Man arrested in Panama for corruption had planned cancer clinic in T&T

(Trinidad Guardian) Arrested on corruption charges in Panama last month, Dr Arthur Porter once had plans to extend his chain of cancer clinics to T&T. Porter was arrested en route to T&T in May on charges of conspiracy, embezzlement, fraud and breach of trust against the Canadian government. Porter and his co-defendants—former CEO of the Canadian conglomerate SNC-Lavalin Group Inc Pierre Duhamie and its former executive vice president Riadh Ben Aissa—are facing charges in connection with a multimillion-dollar bribery scandal.

SNC-Lavalin has been retained by the Canadian Commercial Corporation to build the Penal hospital for the T&T Government. Three years before his arrest, T&T Guardian reporter Yvonne Baboolal interviewed Porter in November 2010, while he was visiting Trinidad. At the time he said he wanted to bring cancer treatment in T&T to world-class standards. Joking that “I have lots of jobs. I live on a plane,” he said as a cancer physician he had tried to help business entities in the Caribbean develop first-class cancer facilities.

Dr Arthur Porter
Dr Arthur Porter

In 2009, he made contact with Dr Rupert Indar Jr, director of Southern Medical Clinic. “We talked about putting the two centres (in T&T and the Bahamas) together and developing a Caribbean network of cancer care,” Porter said. But his talks with his T&T colleagues went no further and there was no “management relationship.”

Porter appears to have exaggerated his business involvement in T&T. An online news agency called Tribune 242 reported on July 1, 2012, that since 2011, Porter’s ten-year-old Bahamas Cancer Centre had expanded and was “forging a management relationship in Trinidad, beginning construction of a new centre in Antigua and establishing an outreach clinic in the Turks and Caicos Islands.”

In an interview with the T&T Guardian, Indar said he and Porter had held discussions with Health Minister Dr Fuad Khan in 2011, but explained that Porter was in no way affiliated with his clinic. Indar Jr, whose father, Rupert Indar Snr, is the chairman of the board of Southern Medical, said Porter was not a shareholder or a director. He said: “Dr Porter is an oncologist with foreign financiers and they approached us, as the leading oncology centre, to see if they could finance a project with us at the Ministry of Health in 2011.

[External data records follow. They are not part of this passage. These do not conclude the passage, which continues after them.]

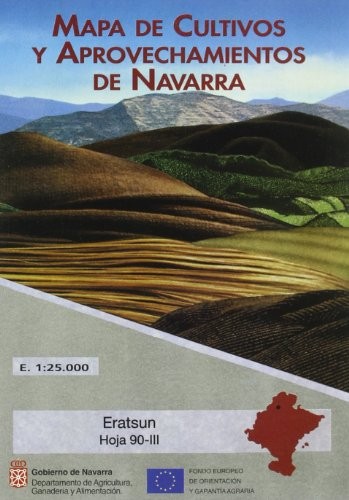 Mapa de cultivos y aprovechamientos de Navarra Hoja 90-III. Eratsun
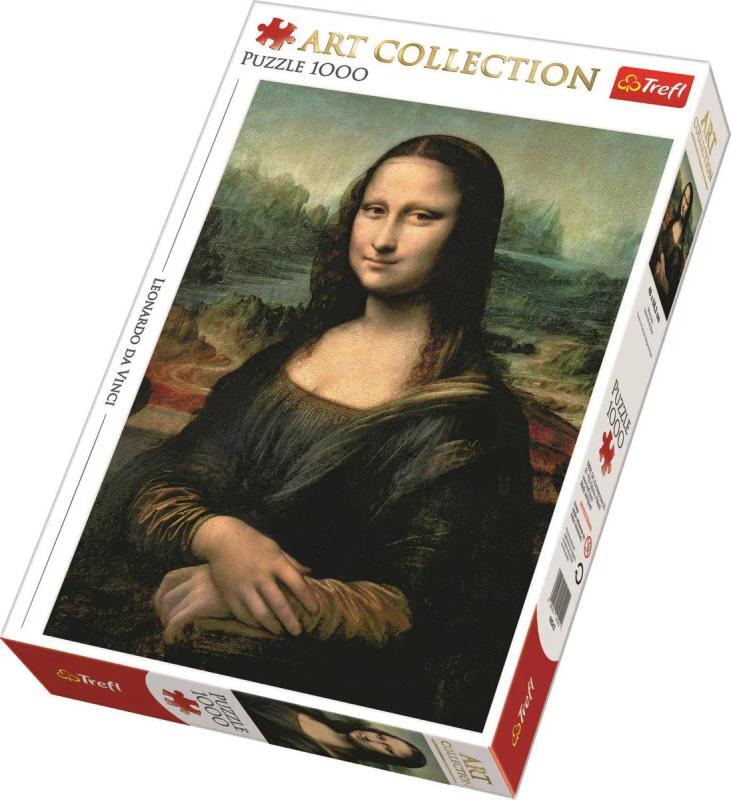 Trefl PUZZLE Art Collection Mona Lisa 48x68cm skládačka 1000 dílků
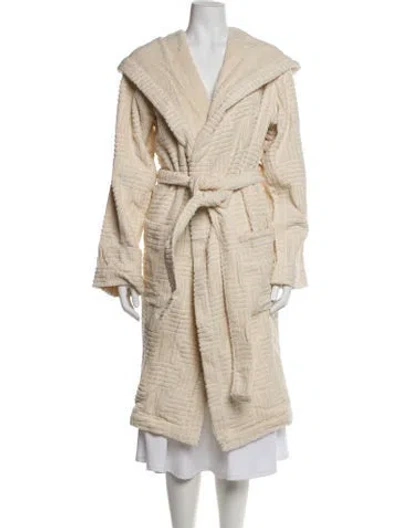 Pre-owned Bottega Veneta Terry Cloth Robe In Neutral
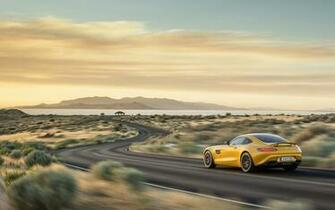 Amg Gt Solarbeam Motion Rear Angle Wallpaper Mercedes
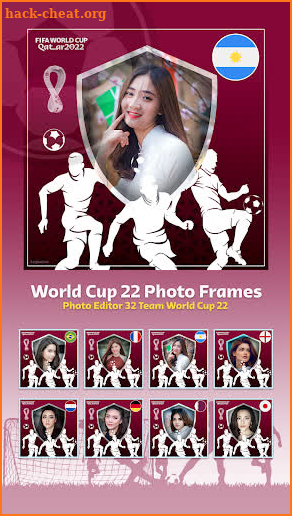 World Cup 22 Photo Frames screenshot
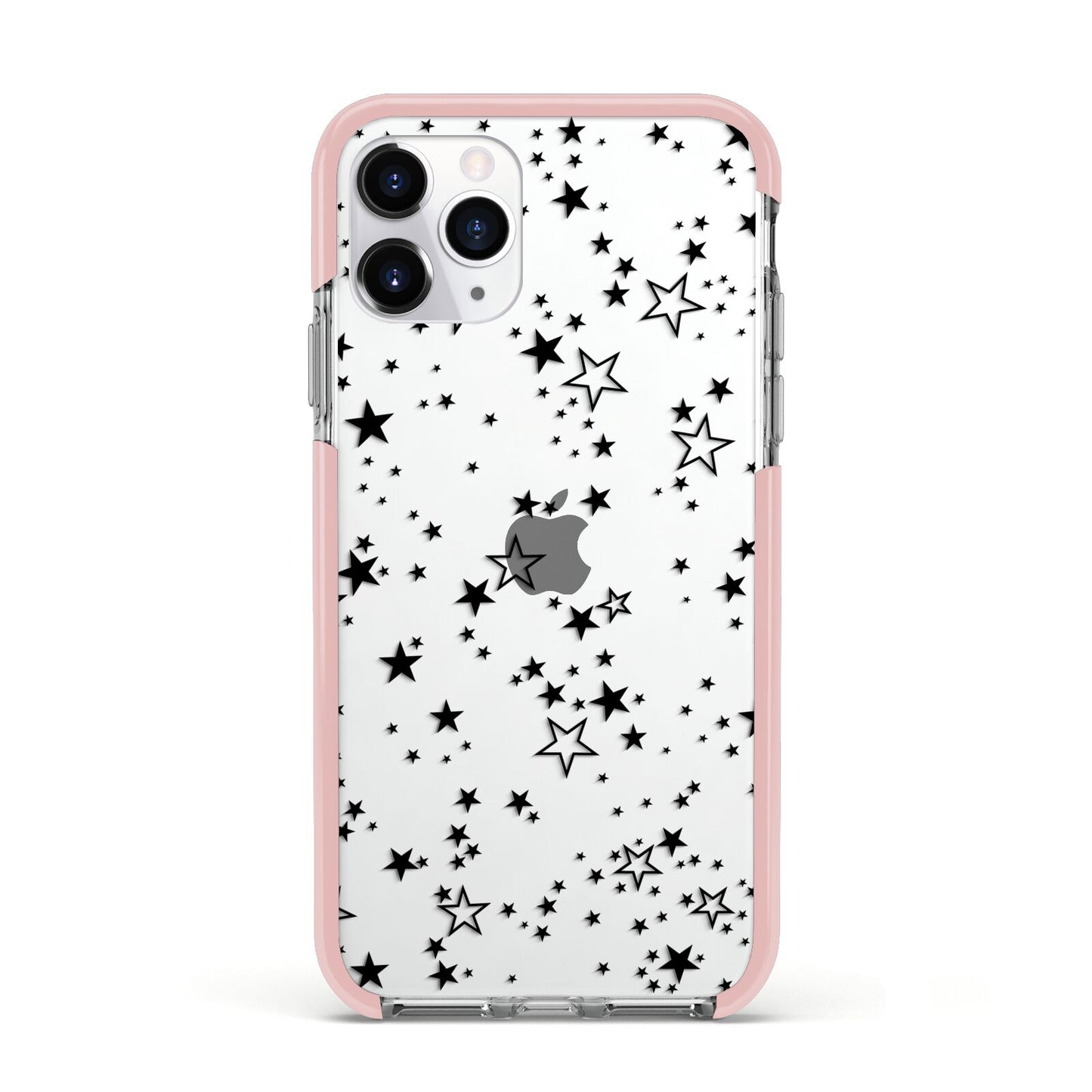 Star Apple iPhone 11 Pro in Silver with Pink Impact Case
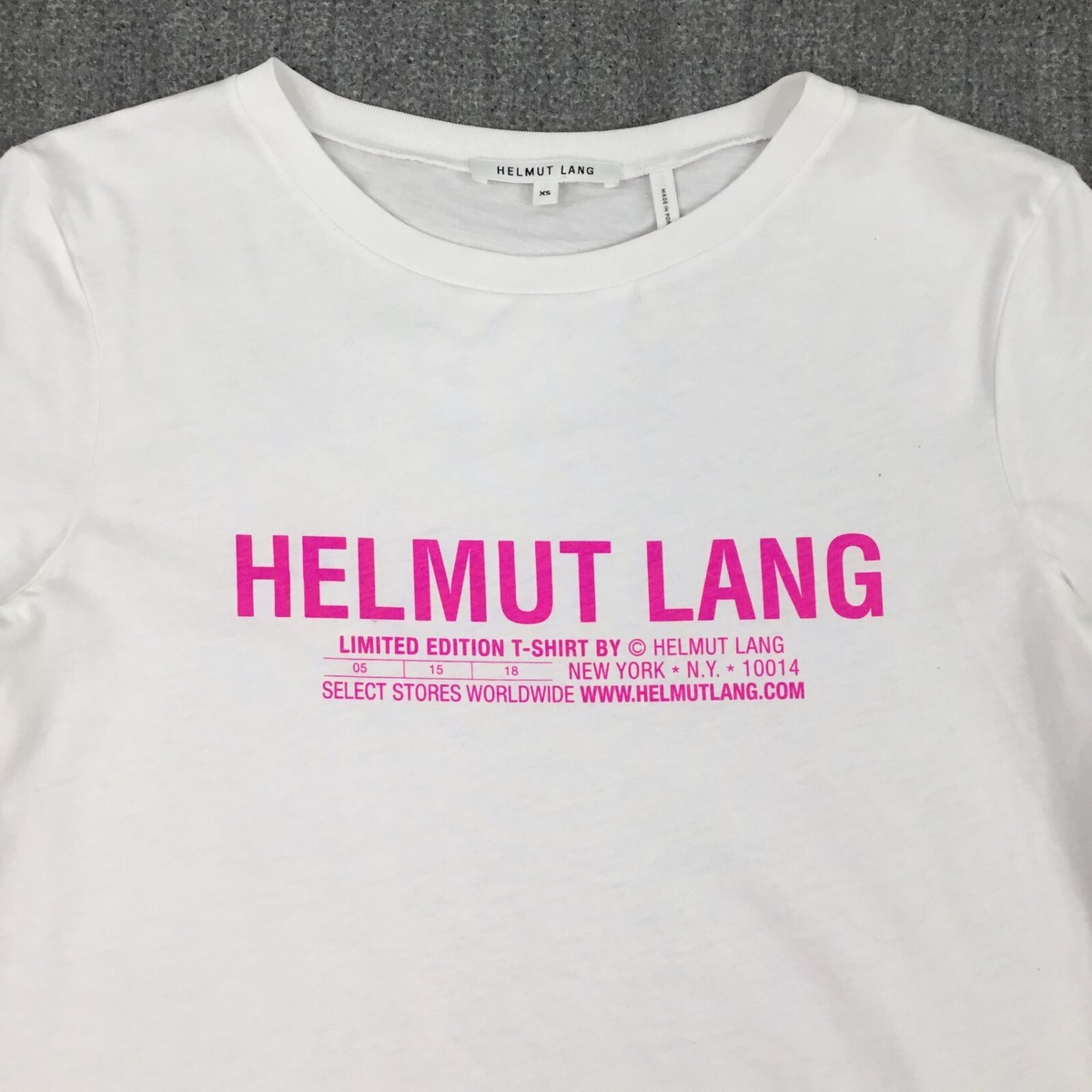 Helmut Lang T-Shirt Womens XS Limited Edition Short Sleeve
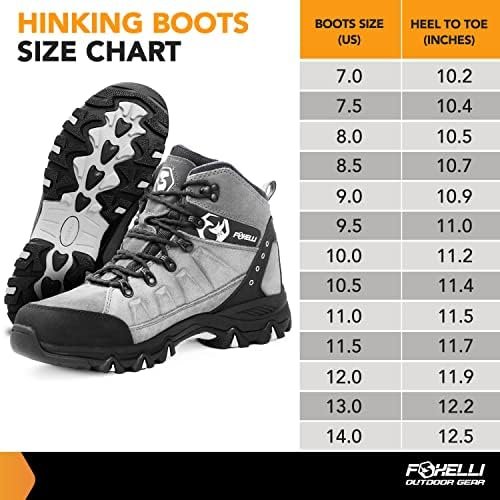 Foxelli Men’s Hiking Boots – Waterproof Breathable & Lightweight Suede Leather H... - Image 7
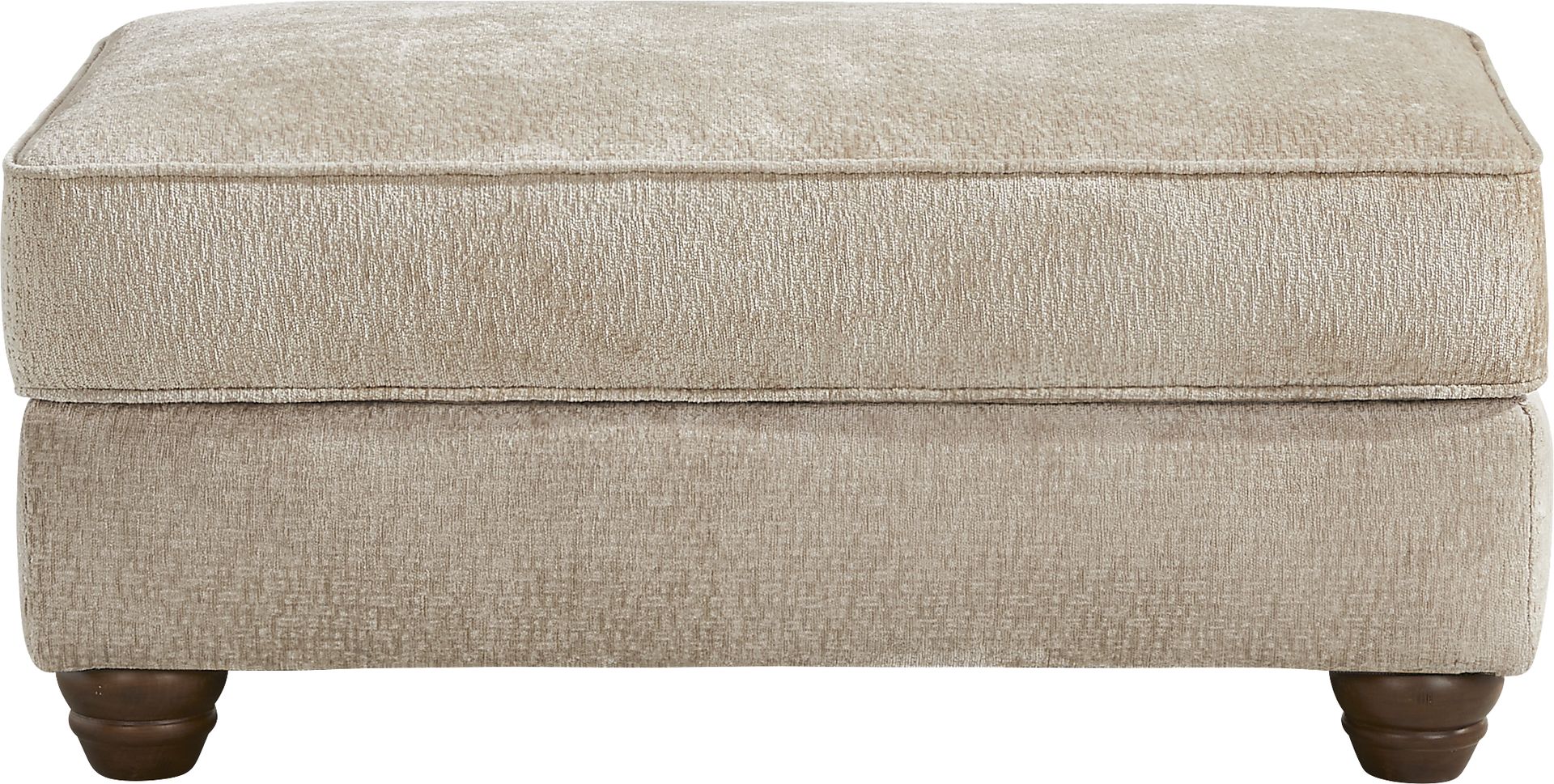 Berkeley Heights Beige Ottoman - Image 2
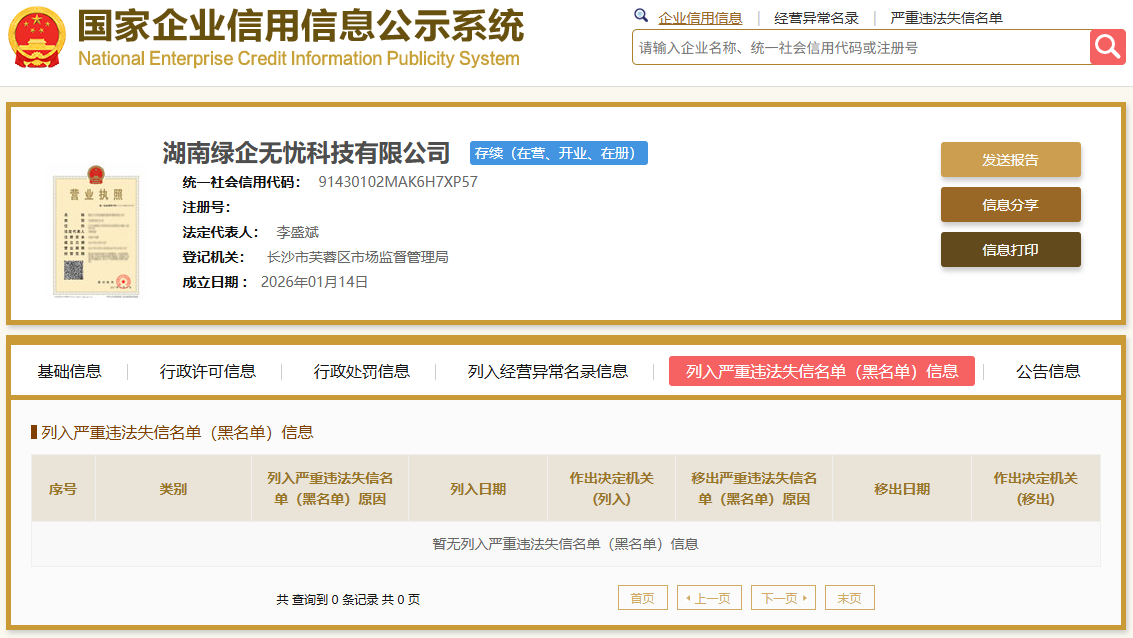 湖南绿企无忧科技有限公司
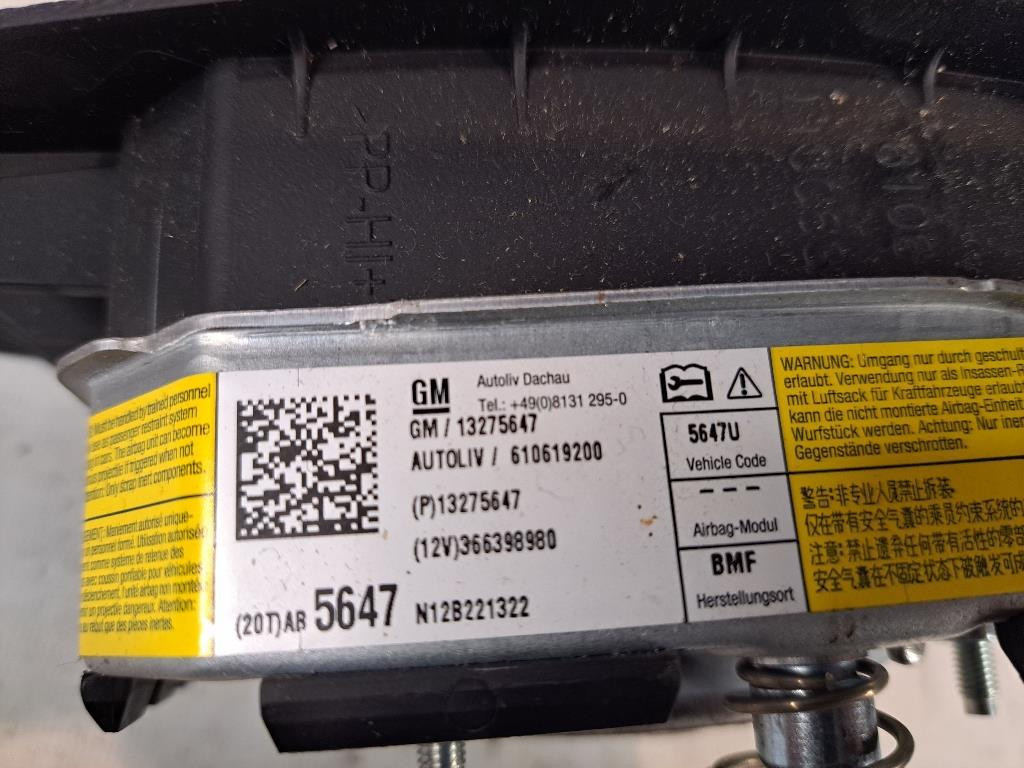 Airbag Volante OPEL Meriva 3° Serie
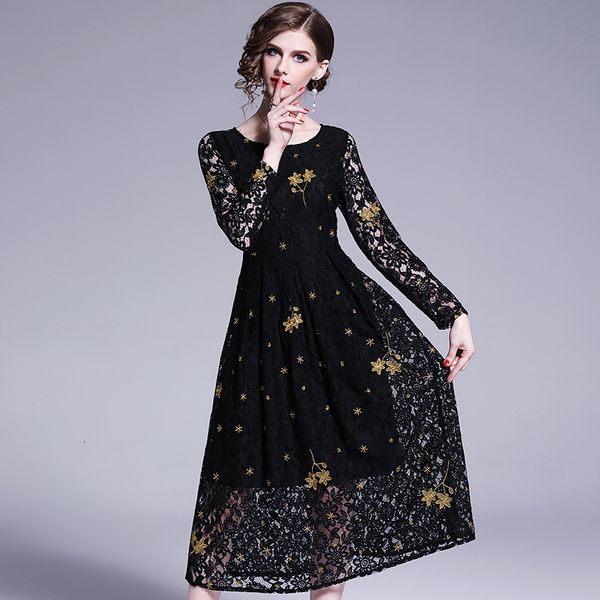 2021 new chegada nova itlia estilo manga longa mulheres da marca moda bordado vestido renda para laides primavera vestidos de lhfm, Black;gray
2021 new chegada nova itlia estilo manga longa mulheres da marca moda bordado vestido renda para laides primavera vestidos de lhfm, Black;gray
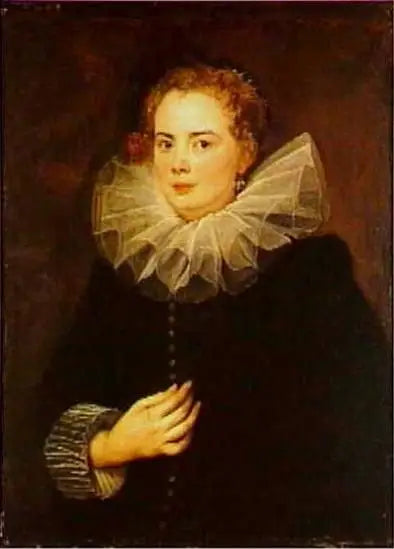 Retrato de una dama de Génova, hacia 1625-1626 - Antoine van Dyck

“There was no agreement. There was no contract. That was nothing more than discussions. “The last time I saw Dr Porter was when he met the Minister of Health in 2011. The last time I saw him in Trinidad was when we had that meeting.” Health Minister Khan yesterday confirmed meeting with Indar in 2011 to discuss developing oncology centres but said he could not remember if Porter was part of the discussions.

“I know that Rupert Indar Jr from Southern Medical wanted to develop oncology throughout the country,” Khan said. “We had a proposal to have a public-private partnership for the development of oncology centres in different parts of the country but we had already embarked on the national oncology centre so we didn’t follow through.

“At that time I told them if the project had to go, we would have to roll out a tender to give everybody a chance. It would have to be tendered by the Central Tenders Board.” Porter’s plans for T&T never went further.

 

Factfile on Porter

Porter was born in 1956 in Freetown, Sierra Leone, and studied at Cambridge, Harvard and Toronto. In 2008, Canadian Prime Minister Steven Harper made him head of the country’s spy watchdog, the Security Intelligence Review Committee, and a member of the Privy Council for Canada. He was also on the board of Air Canada. In December 2011, he resigned as CEO of McGill University Health Centre in Montreal after suspicious business practices emerged.

On May 27, 2013, Porter and his wife were detained by Interpol. He was later charged with fraud, conspiracy to commit government fraud, abuse of trust, secret commissions and laundering the proceeds of a crime. Porter’s wife was also facing charges of laundering the proceeds of a crime and conspiracy.

The contract to build the superhospital was awarded to SNC-Lavalin Group Inc, the same company that wants to build the Penal hospital. Two senior SNC-Lavalin executives were charged along with Porter. Porter is arguing that he is too ill to stand trial. He was diagnosed with terminal cancer by Karol Sikora, an oncologist who works with Porter in the Bahamas. Sikora also diagnosed the convicted Lockerbie bomber, Abdelbaset al-Megrahi, as having only three months to live in 2009.

Megrahi, who had prostate cancer, was released from a Scottish prison on compassionate grounds, returned home to Libya and died in May 2012.